Stick talas dan keripik talas disukai Siska Niar di Sungaijawi, Pontianak, Kalimantan Barat. “Gurih, renyah, dan pastinya enak,” kata perempuan 28 tahun itu. Talas untuk stick dan keripik tersebut adalah talas hitam.
Talas hitam? Ya, inilah talas lokal di Kalimantan Barat. Talas hitam mempunyai warna pangkal tangkai daun ungu dengan sosok umbi akar alias cormus mengerucut. Lingkar umbi bisa mencapai 30 cm dengan warna daging umbi putih.
Di Bumi Khatulistiwa itu talas hitam sudah dibudidaya di sejumlah tempat seperti di Kecamatan Siantan (Kabupaten Mempawah), Kecamatan Pontianak Utara (Kota Pontianak), serta Kecamatan Kuala Mandor (Kabupaten Kubu Raya).

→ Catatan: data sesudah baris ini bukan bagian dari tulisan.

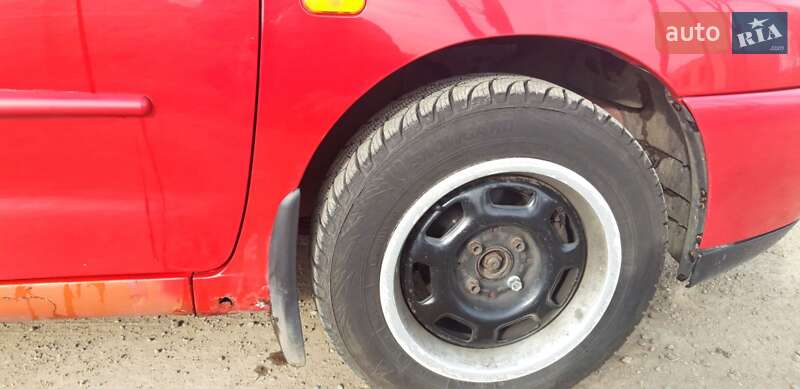 Седан Volkswagen Polo 1997 в Покрове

Total jenderal luas penanaman di 3 sentra itu mencapai 40-an hektar. Umbi talas hitam yang rata-rata dipanen setelah umur 8 bulan itu dengan bobot rata-rata 0,5-0,6 kg/umbi dapat dijual hingga seharga Rp15.000/kg.
Yang menarik, produksi talas hitam di ke-3 tempat itu berbeda secara fenotipik lantaran perbedaan tanah di lokasi budidaya. Kecamatan Siantan bertipe aluvial, sedangkan Kecamatan Pontianak Utara dan Kecamatan Kuala Mandor, masing-masing bertipe gambut dan tanah bergambut.

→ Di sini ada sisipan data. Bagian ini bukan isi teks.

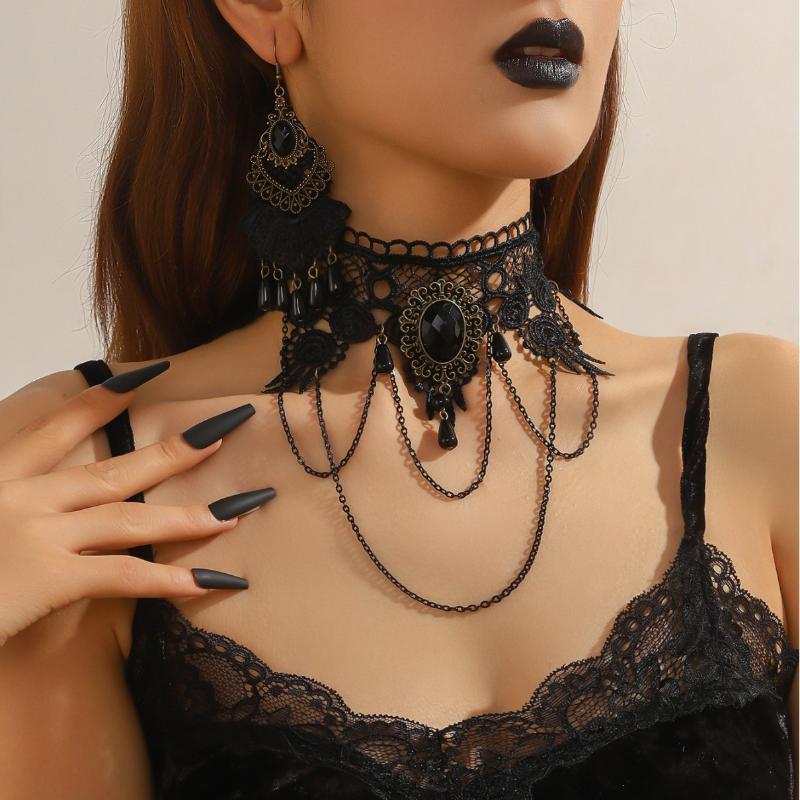 Lady Chokers Leaf Tassel Women Neck Jewelry Accessory Girl Lace Gothic Vintage Sexy Fashion Velvet Rose Beads Flower Necklace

Riset Agus Subekti dan Tinuk Sei Wahyuni, masing-masing dari Balai Pengkajian Teknologi Pertanian Kalimantan Barat dan Balai Penelitian Tanaman Aneka Kacang dan Umbi pada 2015 memperlihatkan, talas hitam di tanah gambut memiliki postur tanaman, panjang umbi, dan kadar air lebih tinggi serta umur panen yang lebih genjah dari talas di tanah bergambut dan aluvial.

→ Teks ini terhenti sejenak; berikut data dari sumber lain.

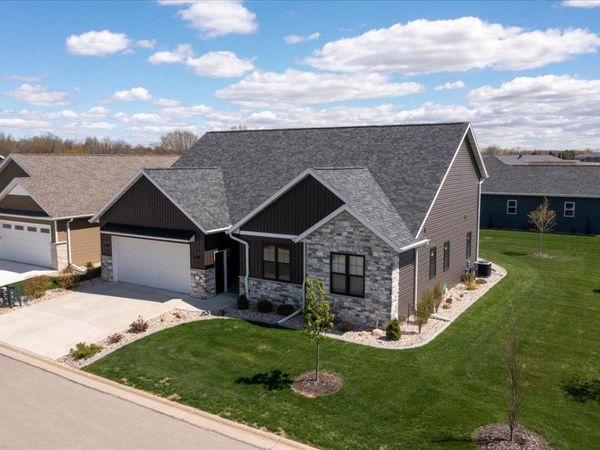 901 CLOVER COURT, Menasha, WI 54952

Talas hitam di tanah bergambut berbobot umbi lebih besar dibandingkan talas hitam di tanah gambut dan aluvial. Pun umur panen, 8 bulan di di tanah gambut serta 9 bulan di tanah bergambut. Di tanah aluvial bisa mencapai 10 bulan.
Perbedaan tersebut diduga karena karena tanah gambut dan bergambut memiliki sifat lebih banyak memegang air serta bertekstur tanah gembur yang cukup mendukung pertumbuhan talas.